• [ASSIGNMENT] In the entries below, begin at the line that has "Vintage Morris WH-25" and stop after the line that has "4 Vicki Place, Langwarrin VIC 3910"; output those lines exactly, leaving out pictures.

• [RECORDS SUPPLIED]
....................
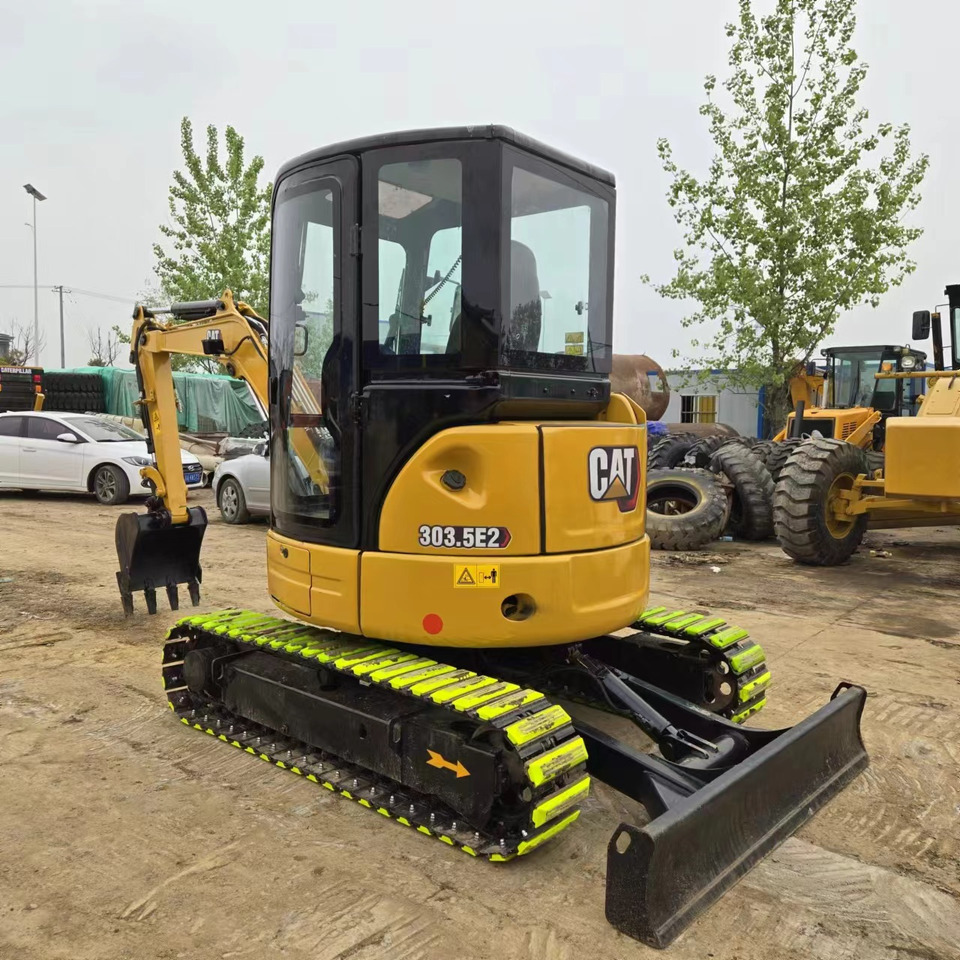 CATERPILLAR 303.5E2 - Minikotró: 5 kép. CATERPILLAR 303.5E2 - Minikotró: 5 kép.
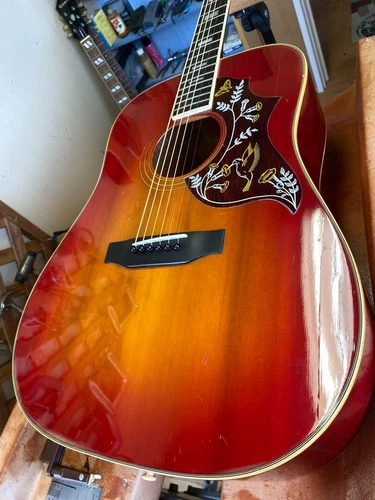 Vintage Morris WH-25 Hummingbird Acoustic Guitar Mahogany Body Good Condition!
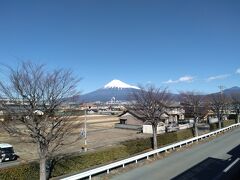 道の駅富士の屋上の展望台からは、正面に見事な富士山がみられました。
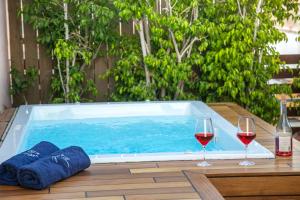 Beautiful Penthouse in Athens with outdoor jacuzzi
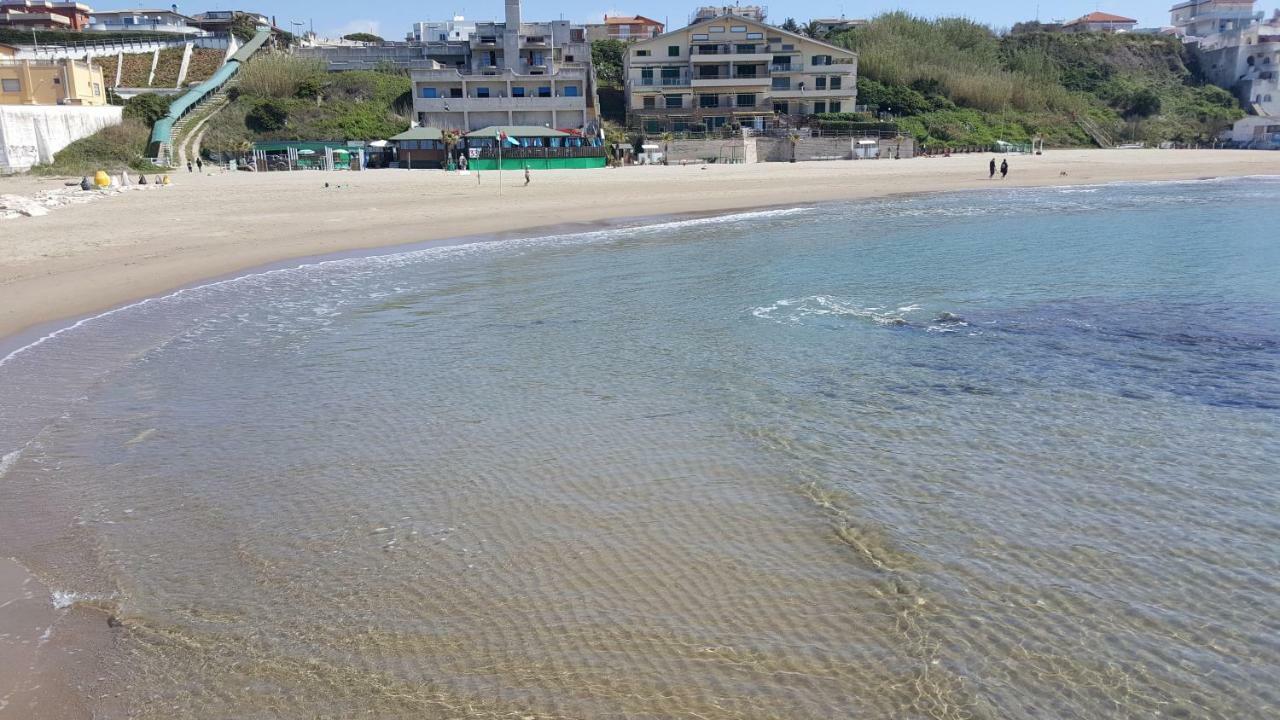 Villa Rimini - Seaview & Roman Holidays Apartments - Garden&Beach 300Mt Anzio Exterior photo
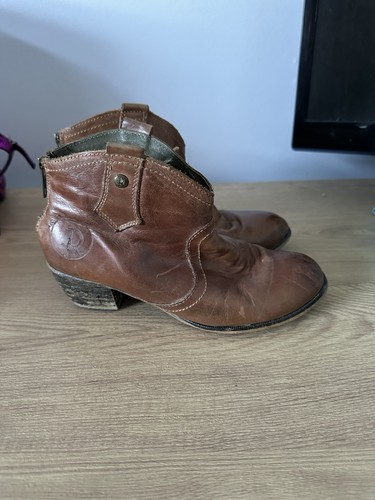 Red dead tan leather - red,
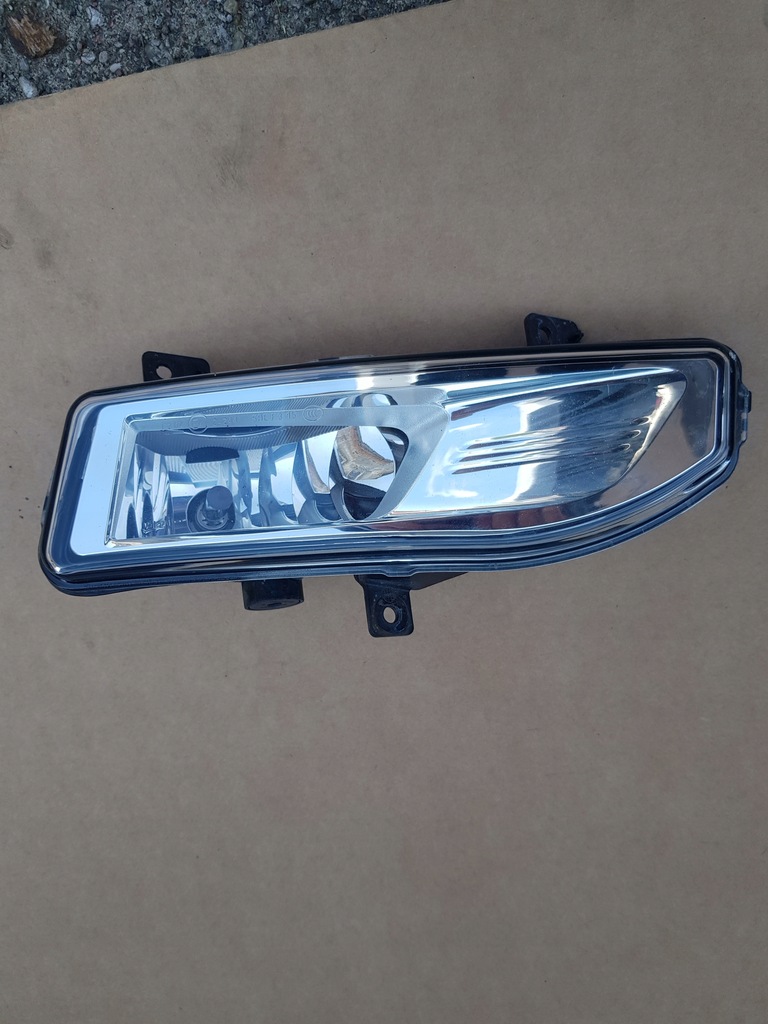 фото №1, Nissan qashqai ii lift j11 противотуманная фара правый 2019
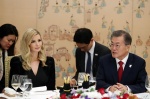 美國第一千金伊凡卡「走到哪都是伸展台」！訪南韓首日連換三套服裝展時尚外交
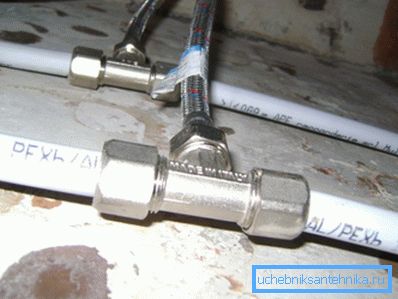 Flexibilné očné tiene umožňujú pripojiť uzly prakticky vo všetkých uhloch Flexibilné očné tiene umožňujú pripojiť uzly prakticky vo všetkých uhloch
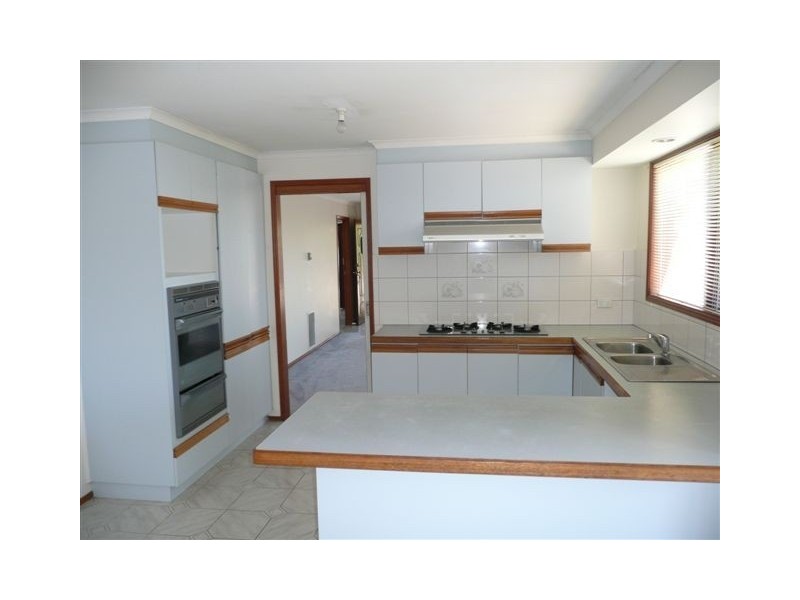 4 Vicki Place, Langwarrin VIC 3910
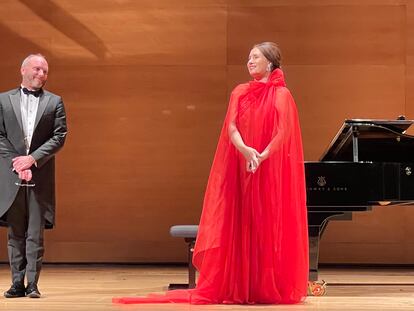 La soprano Sonya Yoncheva y el pianista Antoine Pallou, durante el recital.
....................
• [YOUR RESPONSE]
 Vintage Morris WH-25 Hummingbird Acoustic Guitar Mahogany Body Good Condition!
 道の駅富士の屋上の展望台からは、正面に見事な富士山がみられました。
 Beautiful Penthouse in Athens with outdoor jacuzzi
 Villa Rimini - Seaview & Roman Holidays Apartments - Garden&Beach 300Mt Anzio Exterior photo
 Red dead tan leather - red,
 фото №1, Nissan qashqai ii lift j11 противотуманная фара правый 2019
 美國第一千金伊凡卡「走到哪都是伸展台」！訪南韓首日連換三套服裝展時尚外交
 Flexibilné očné tiene umožňujú pripojiť uzly prakticky vo všetkých uhloch Flexibilné očné tiene umožňujú pripojiť uzly prakticky vo všetkých uhloch
 4 Vicki Place, Langwarrin VIC 3910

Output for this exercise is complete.